Black Narcissus (1947) may seem like a strange choice for my third Film First post. I wouldn’t call it a favourite film. That suggests one that I’ve seen hundreds of times and know it off by heart. In fact, before writing this post, I’d only seen it twice. But it has always sort of haunted me.
I first saw it when confined to my flat - heavily pregnant with my eldest son and not able to go out because there was snow and ice and hills everywhere. I was uncomfortable, and bored, and it was back in the day when you watched what was on, because there weren’t any other choices.
I wasn’t initially impressed. It is a strange film. Basically, it’s the 1930s, and a bunch of nuns, led by Sister Clodagh (Deborah Kerr), take on the task of converting the deserted Palace of Mopu into a convent and school/hospital. They are high up in the Himalayan mountains, with only the wind, a few natives and their solitude. Not a great deal happens for a large portion of the movie, until Sister Ruth (Kathleen Byron) goes mad and inevitably falls off a cliff. I distinctly remember turning the TV off and thinking “well that was odd”, before probably raiding the fridge and having yet another nap.
Under the Skin
But as the days went on, I couldn’t stop thinking about it. On the face of it, it all seems quite tame. Nuns, gardening, bell ringing, school lessons. But there is something deeply unsettling about it. When it was released in 1947, audiences were shocked, and it was heavily censored and even banned in some places (namely Ireland). It’s filled with such strangeness – odd behaviour, long silences, meaningful symbolism and lots of lingering closeups. Martin Scorsese called it “one of the first truly erotic films”.
The film is basically about the repressed desires of the nuns and what the environment does to them - how it sends them all a little bit mad. One nun starts planting flowers instead of vegetables, another secretly longs for a child and becomes too attached to the local children. Sister Clodagh herself spends half the film reminiscing about her lost love in Ireland, whose rejection sent her into the church. And the sexual tension oozes through the screen like treacle, all in the looks between the main players.
It is very subtle. Everything is done by suggestion and implication. There is such a long slow build up of tension and eroticism - like the characters themselves, you almost don’t notice it happening until it is too late. When Sister Ruth finally flips, it's dramatic and atmospheric, but it's also almost a release. You almost sympathise with her because she at least is finally being true to what she wants.
On the Page
Black Narcissus was Rumer Godden’s third novel, published in 1939. I had never read any of her work before this. Based on the mastery of the film, and the fact that I LOVED the TV show Tottie when I was little which was based on one of her books, I was sure I was going to love the book.
But it was… slow.
The film is actually pretty faithful to the book. Most of the events happen as written, though there are a few in the book which are either missed out or skipped over. But the film is a lot more dramatic - particularly the final scenes. It's also much more concise - I guess you can say a lot very quickly through imagery.
It isn’t that it’s not well written, it is. The characters are all well sketched (Mr Dean the agent being particularly vivid), and the descriptions really do give you a great sense of place. It’s all done with the same sort of subtlety as the film – nothing is explicitly stated, you just have to figure it out for yourself. But sometimes it feels a little bit too subtle, and you want it to just get a bit more of a move on.
The film keeps you watching because it is strange and disturbing and somehow gets under your skin. But I found myself putting the book down for long stretches without really feeling motivated to pick it up again. It didn’t have the pace or the intrigue to keep me turning the pages, and under normal circumstances, I’m sorry to say I probably wouldn’t have finished it.
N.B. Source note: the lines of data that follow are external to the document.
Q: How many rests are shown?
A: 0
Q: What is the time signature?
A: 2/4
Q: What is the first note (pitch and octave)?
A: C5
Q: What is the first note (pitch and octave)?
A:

Here’s the thing though. I finished the book, and fully expected to conclude that I definitely preferred the movie. But then I re-watched the film, and it actually made me appreciate the book a lot more. Probably because the book allows you to delve a little bit deeper into the motivations of the characters. It explains a lot more about how the nuns are going about things the wrong way, and how their fixed attitudes affect their relationships with the local people. It delves into Clodagh’s past – there are glimpses of this in the film but they are very stylised and a little vague. Importantly, it also gives a lot more depth to Sister Ruth – why she acts the way she does and eventually loses the plot.
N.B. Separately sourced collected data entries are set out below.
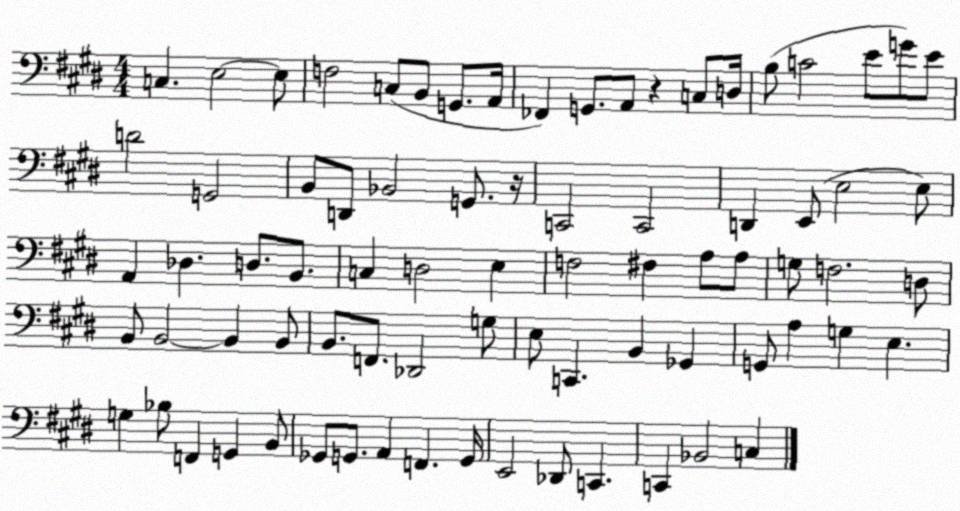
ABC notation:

X:1
T:Untitled
M:4/4
L:1/4
K:E
C, E,2 E,/2 F,2 C,/2 B,,/2 G,,/2 A,,/4 _F,, G,,/2 A,,/2 z C,/2 D,/4 B,/2 C2 E/2 G/2 E/2 D2 G,,2 B,,/2 D,,/2 _B,,2 G,,/2 z/4 C,,2 C,,2 D,, E,,/2 E,2 E,/2 A,, _D, D,/2 B,,/2 C, D,2 E, F,2 ^F, A,/2 A,/2 G,/2 F,2 D,/2 B,,/2 B,,2 B,, B,,/2 B,,/2 F,,/2 _D,,2 G,/2 E,/2 C,, B,, _G,, G,,/2 A, G, E, G, _B,/2 F,, G,, B,,/2 _G,,/2 G,,/2 A,, F,, G,,/4 E,,2 _D,,/2 C,, C,, _B,,2 C,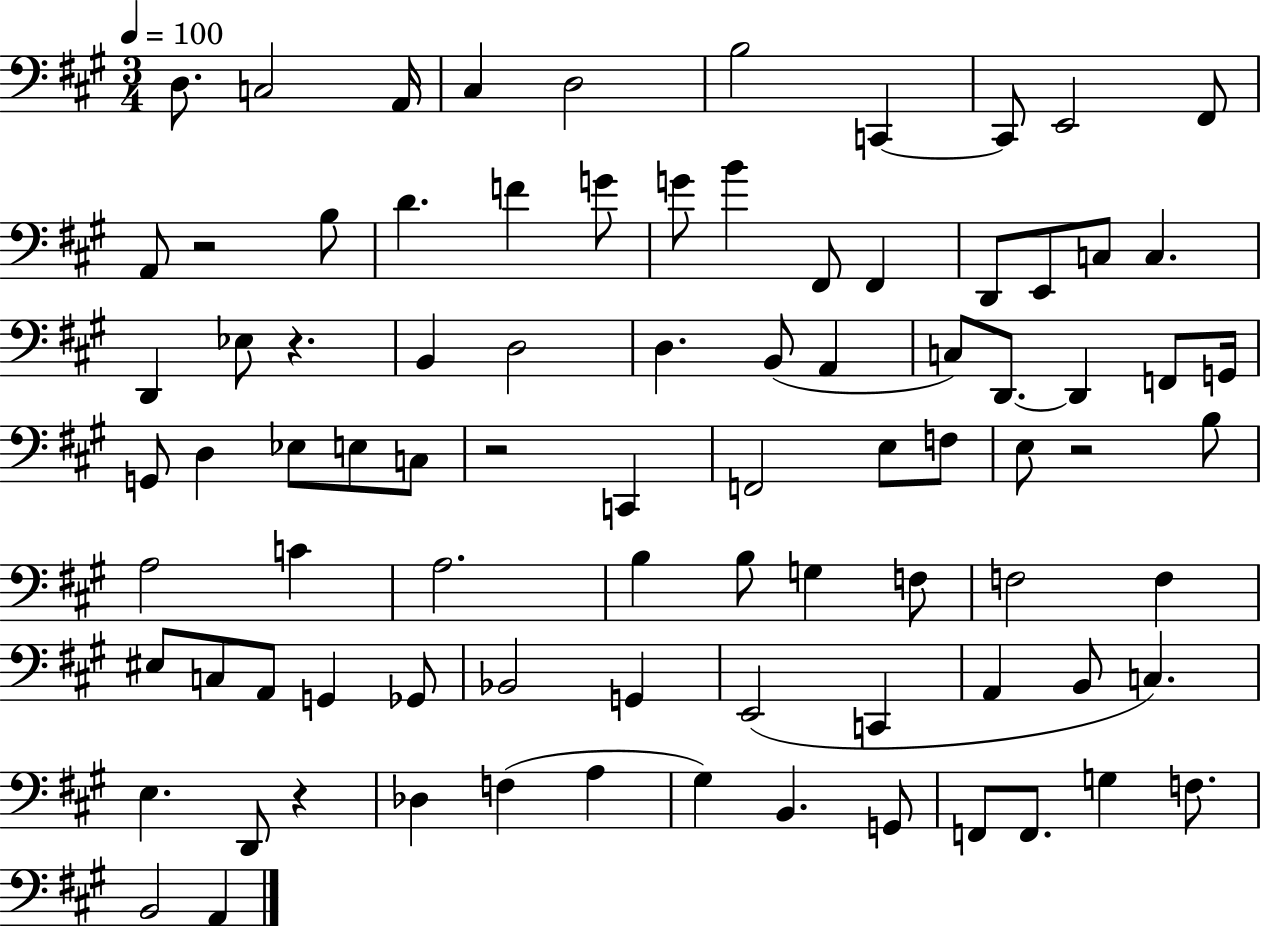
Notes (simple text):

D3/e. C3/h A2/s C#3/q D3/h B3/h C2/q C2/e E2/h F#2/e A2/e R/h B3/e D4/q. F4/q G4/e G4/e B4/q F#2/e F#2/q D2/e E2/e C3/e C3/q. D2/q Eb3/e R/q. B2/q D3/h D3/q. B2/e A2/q C3/e D2/e. D2/q F2/e G2/s G2/e D3/q Eb3/e E3/e C3/e R/h C2/q F2/h E3/e F3/e E3/e R/h B3/e A3/h C4/q A3/h. B3/q B3/e G3/q F3/e F3/h F3/q EIS3/e C3/e A2/e G2/q Gb2/e Bb2/h G2/q E2/h C2/q A2/q B2/e C3/q. E3/q. D2/e R/q Db3/q F3/q A3/q G#3/q B2/q. G2/e F2/e F2/e. G3/q F3/e. B2/h A2/q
Apparently, Rumer Godden wasn't keen on the film adaptation. She slated the fact that it was (unbelieveably) shot on set in the UK, saying that “everything about it was phoney… the Himalayas were just muslin mounted on poles”. It seems incredible to me that the film makers were able to create a backdrop of such splendor just through paintings. I guess she wanted a bit more realism and a bit less Hollywood flimflam for her work.
For me, the film wins. It feels as though the film makers got right to the heart of what the book was about and drew it out in glorious technicolour. If I had read Black Narcissus without seeing the movie, I think I would have left it feeling a bit 'meh'. The film definitely stands on its own, but if you do feel like you need a little more understanding about what's going on, give the book a read.
Black Narcissus is back in print and widely available!